Task details: Could you copy exactly the lines below, beginning at the line with "Plate with sweet" and stopping after the line with "Navy blue tussar", with no pictures?

Exercise inputs:
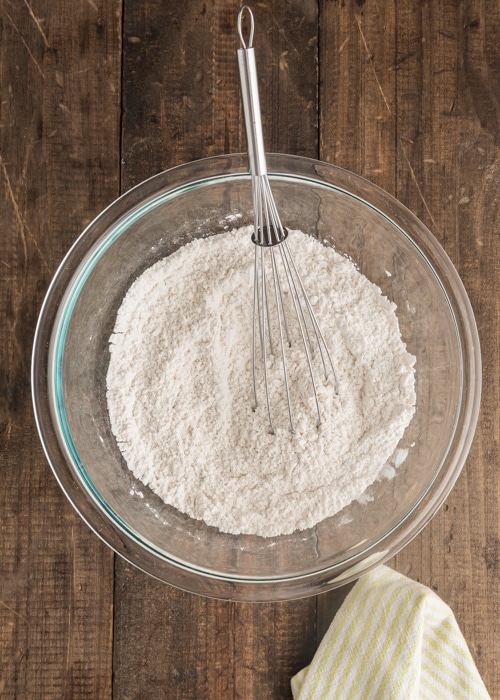 The dry ingredients whisked in a glass bowl.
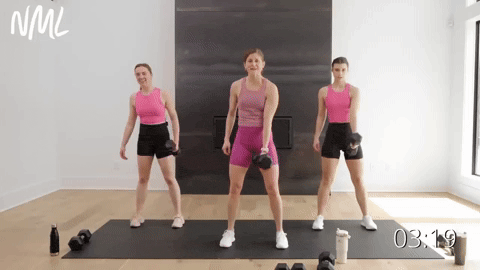 three women performing a Hinge Swing Squat Thruster with one dumbbell in their right hand.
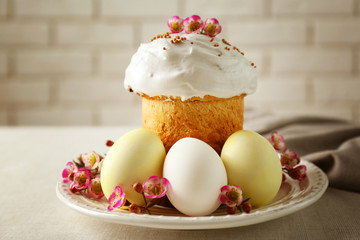 Plate with sweet Easter cake and eggs on table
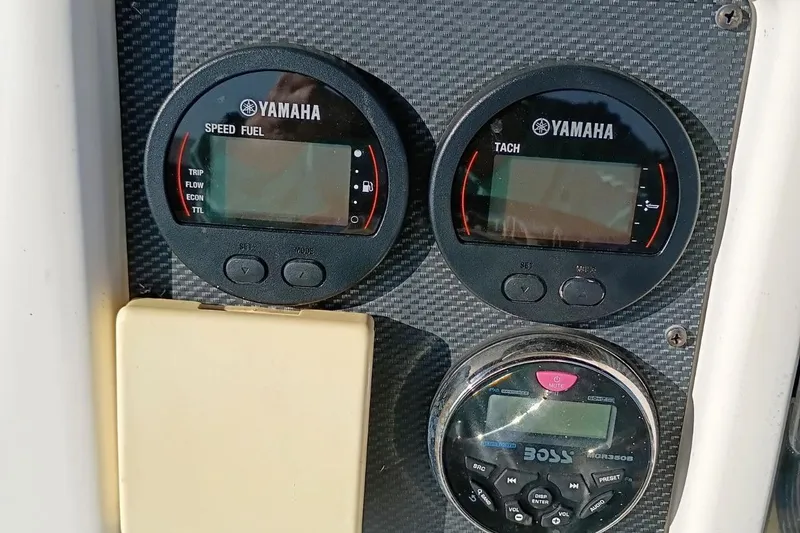 Slide: The Image of Yamaha gauges and Boss audio system on 2004 Grady-White Escape 209 boat dashboard. - 4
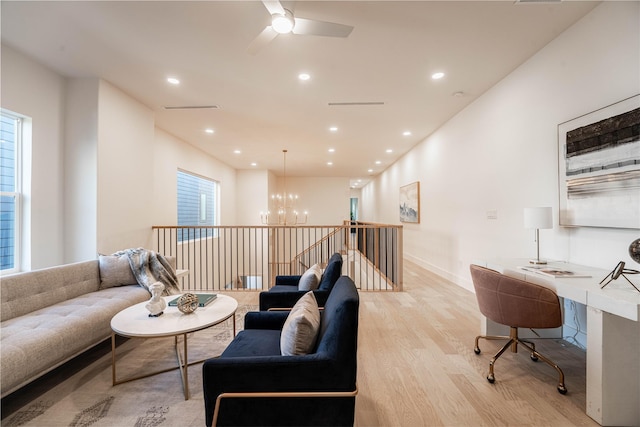 living room with ceiling fan with notable chandelier and light hardwood / wood-style flooring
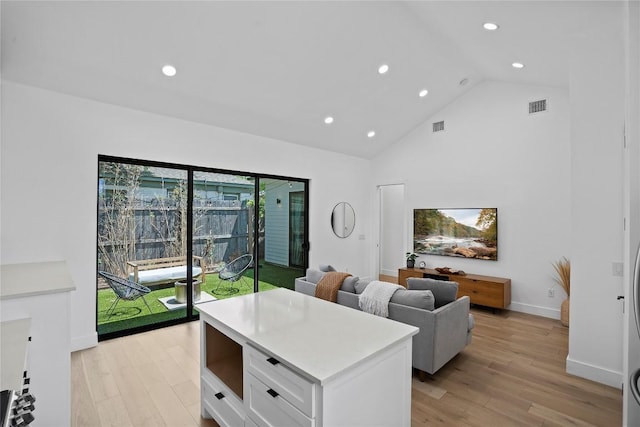 2216 Lindell Ave Unit 2, Austin, TX 78704 - living area featuring light wood-style floors, recessed lighting, and high vaulted ceiling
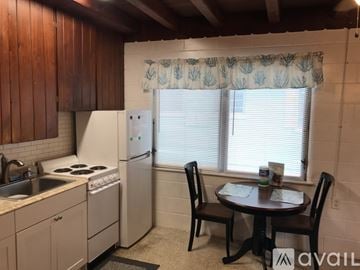 Englewood apartment for rent - A kitchen with a table and chairs in front of a window.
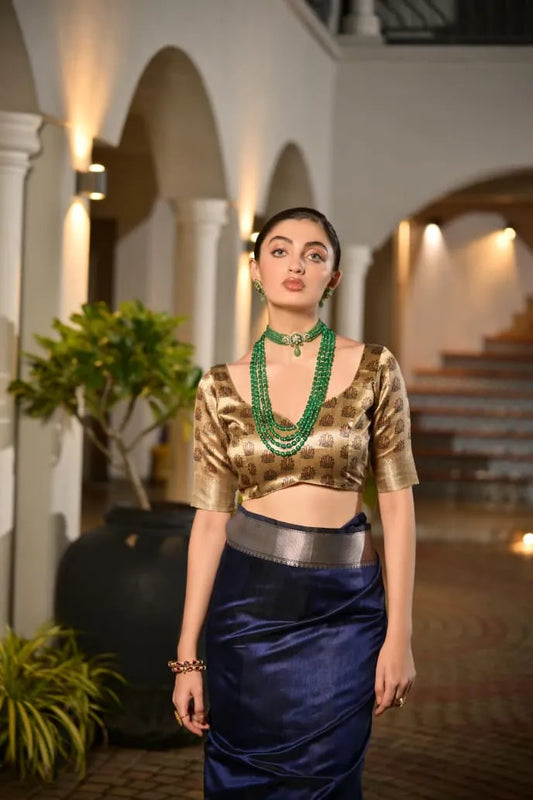 Navy blue tussar silk saree with golden zari border and ornate brocade pallu displayed on model in elegant colonial architecture setting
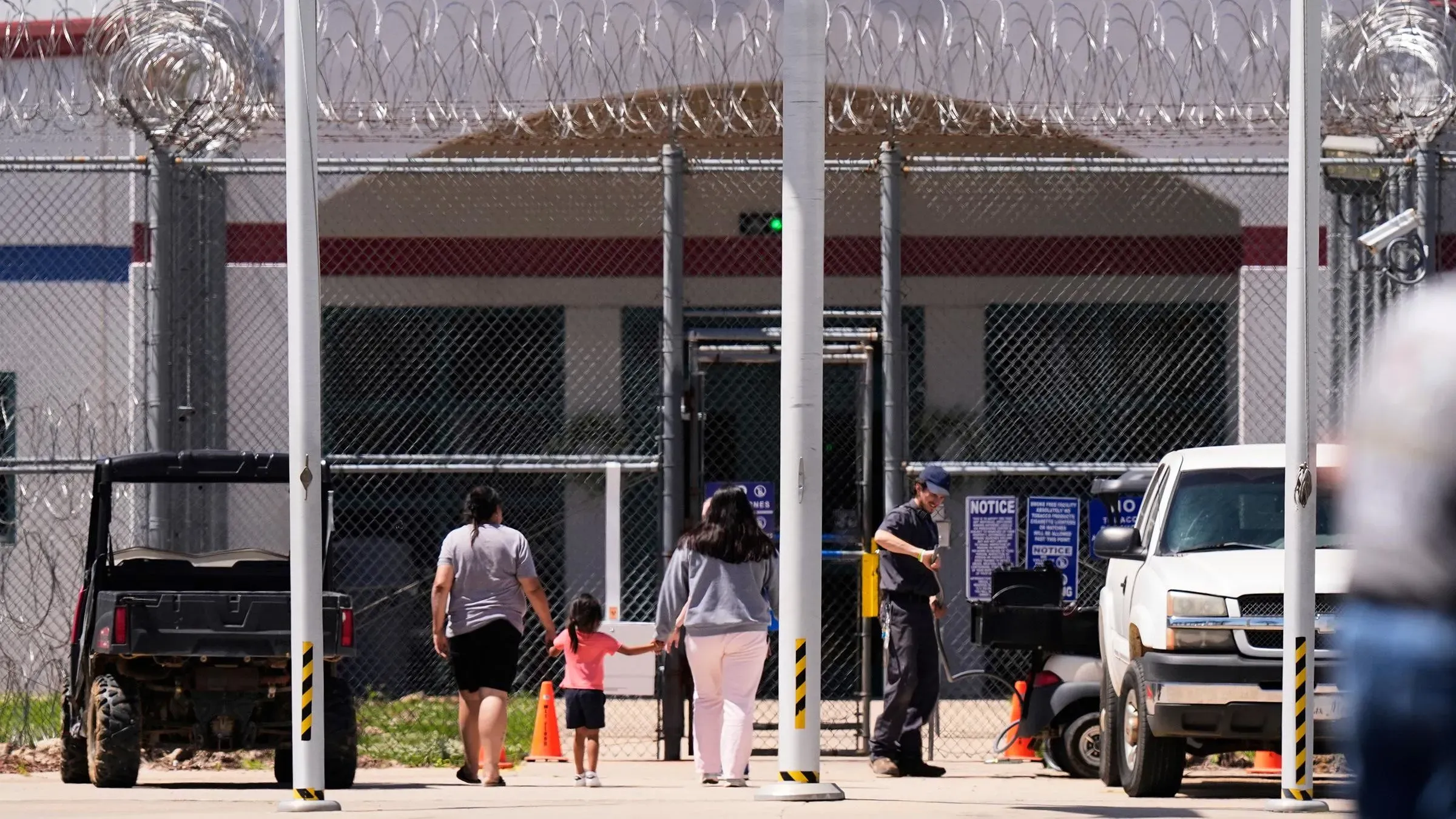 امرأتان تحملان أطفالًا صغيرين، تسيران نحو مركز احتجاز محاط بسياج شائك، مما يعكس قضايا الترحيل العائلي في الولايات المتحدة.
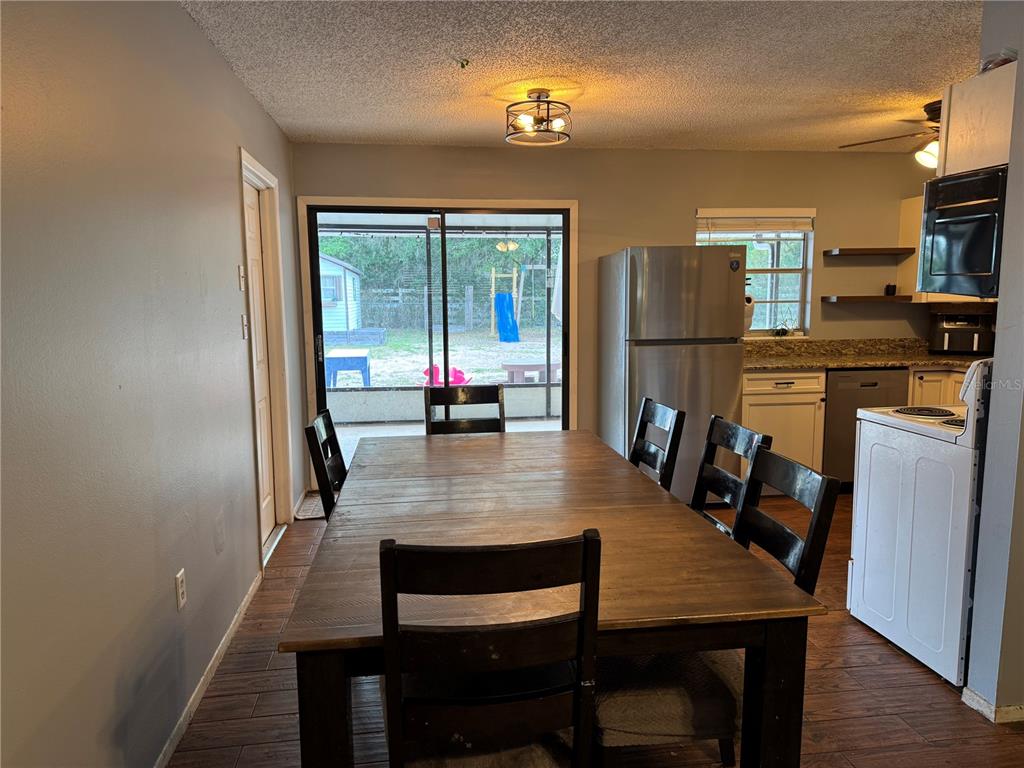A dining room with a wooden table, chairs, stainless steel refrigerator, and sliding glass doors — 580 FERN AVENUE, TAVARES, FL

Exercise result:
 Plate with sweet Easter cake and eggs on table
 Slide: The Image of Yamaha gauges and Boss audio system on 2004 Grady-White Escape 209 boat dashboard. - 4
 living room with ceiling fan with notable chandelier and light hardwood / wood-style flooring
 2216 Lindell Ave Unit 2, Austin, TX 78704 - living area featuring light wood-style floors, recessed lighting, and high vaulted ceiling
 Englewood apartment for rent - A kitchen with a table and chairs in front of a window.
 Navy blue tussar silk saree with golden zari border and ornate brocade pallu displayed on model in elegant colonial architecture setting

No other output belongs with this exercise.